**ASSIGNMENT**
The result should be an exact copy of only the lines from the one with "Dream Catchers Red" through the last line of the data below, with pictures omitted.
** Opening DATASET RECORDS block **
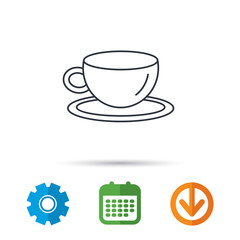 Coffee cup icon. Tea or hot drink sign. Calendar, cogwheel and download arrow signs. Colored flat web icons. Vector
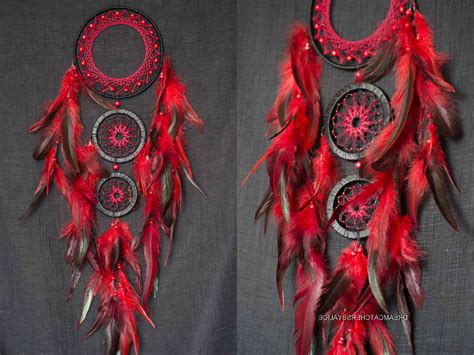 Dream Catchers Red Dream Catcher Large Dreamcatcher Boho Wall Etsy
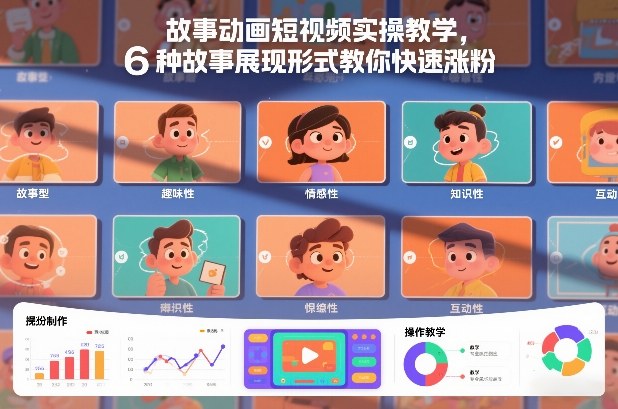 故事动画短视频实操教学，6种故事展现形式教你快速涨粉-伊亚库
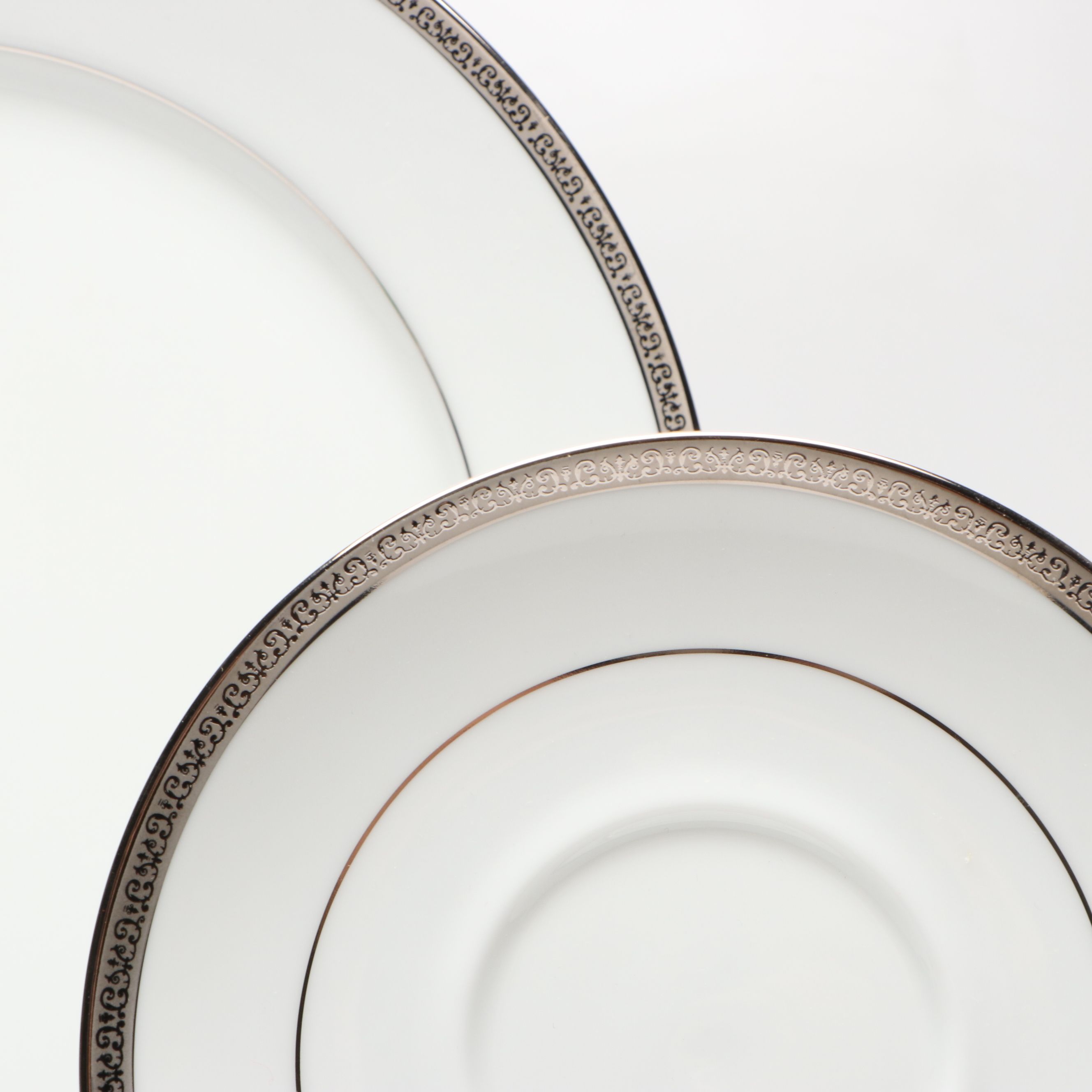 Charter Club Home "Grand Buffet Platinum" Plates and Saucer, 2006–2016
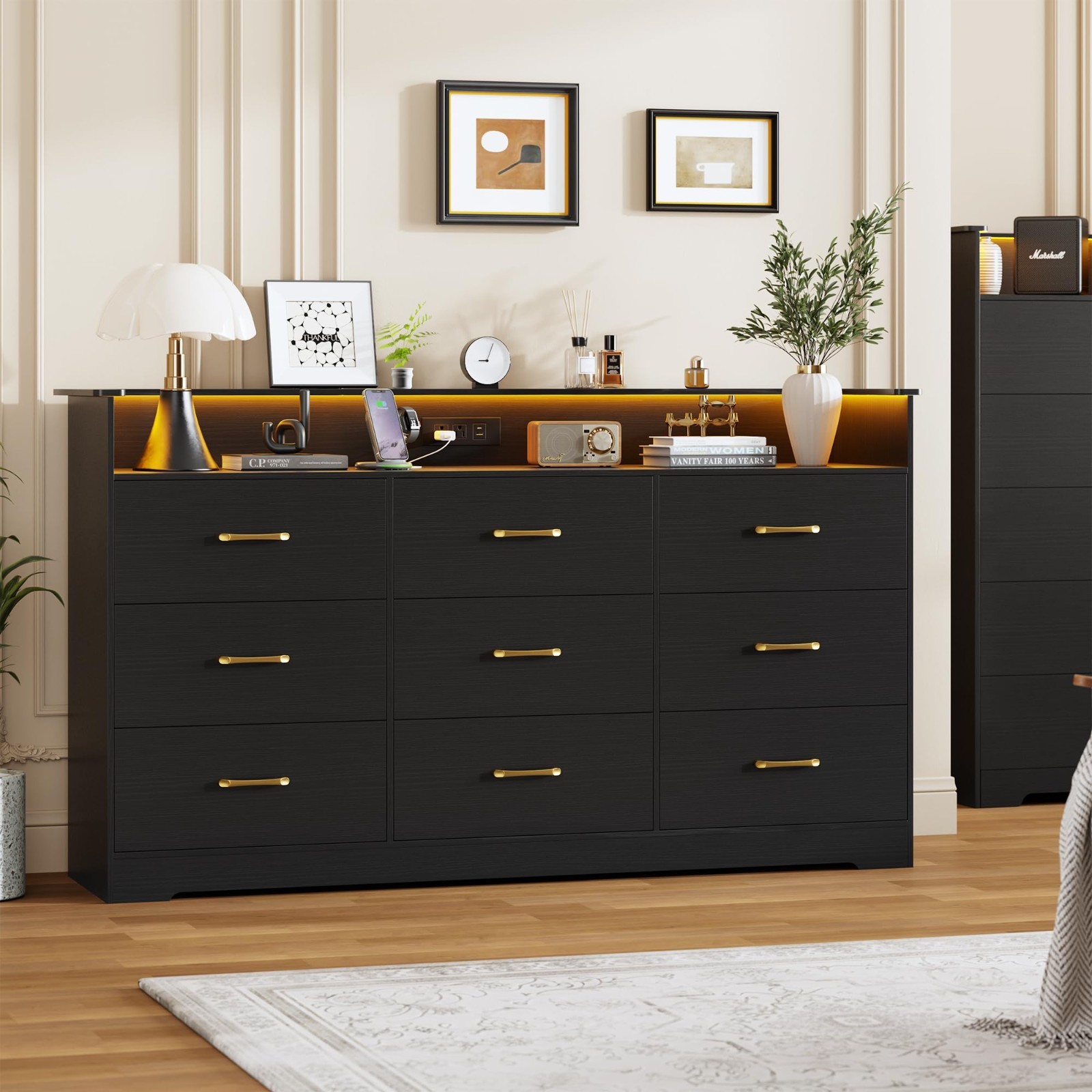 Modern 9/10 Drawer Dresser ,Wood Dressers & Chests of Drawers with LED Lights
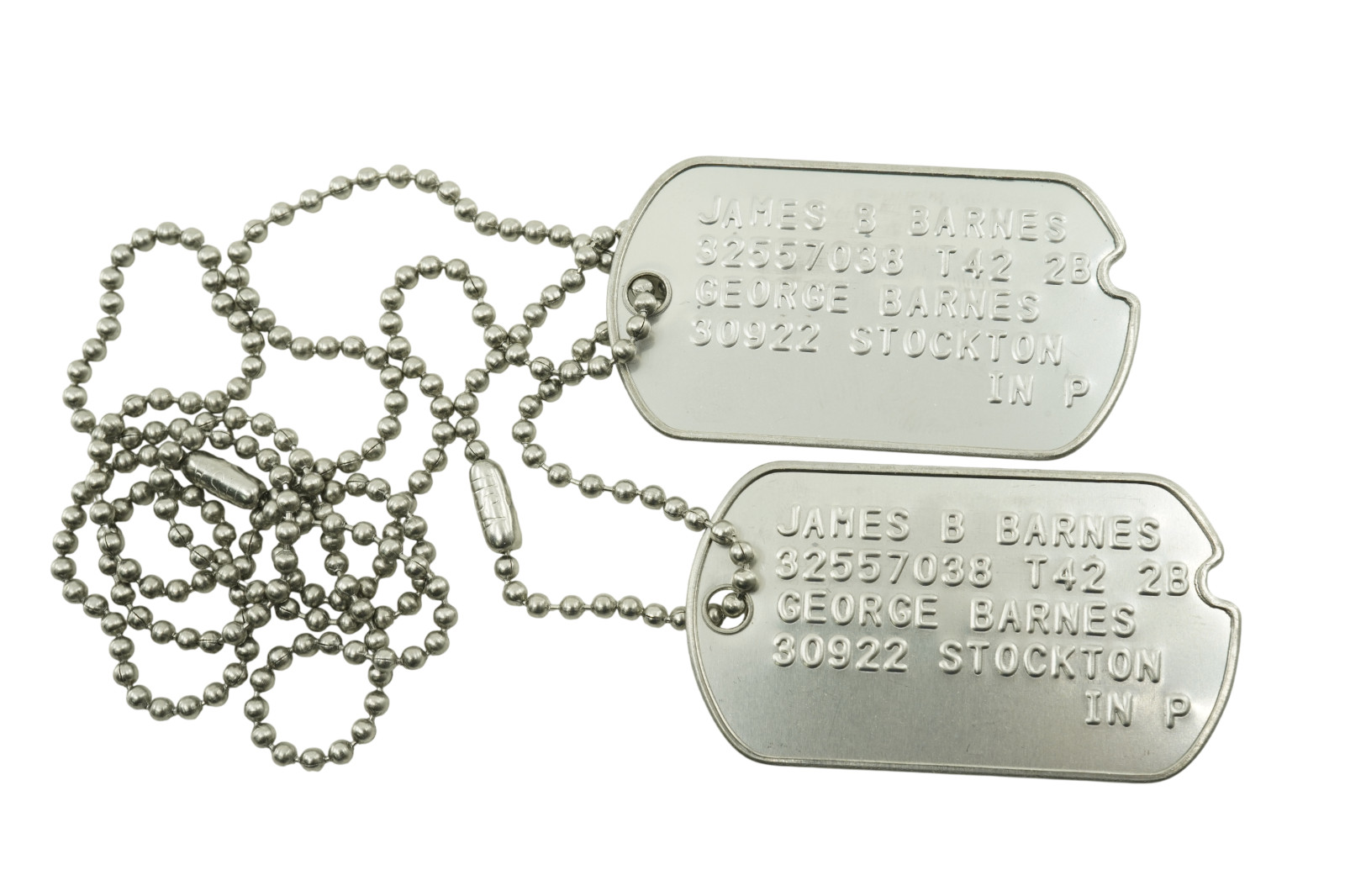 James Bucky Barnes WWII Style Stainless Steel Military Dog Tags Cosplay Costume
** Closing DATASET RECORDS block **
**ANSWER TO THE PROBLEM**
 Dream Catchers Red Dream Catcher Large Dreamcatcher Boho Wall Etsy
 故事动画短视频实操教学，6种故事展现形式教你快速涨粉-伊亚库
 Charter Club Home "Grand Buffet Platinum" Plates and Saucer, 2006–2016
 Modern 9/10 Drawer Dresser ,Wood Dressers & Chests of Drawers with LED Lights
 James Bucky Barnes WWII Style Stainless Steel Military Dog Tags Cosplay Costume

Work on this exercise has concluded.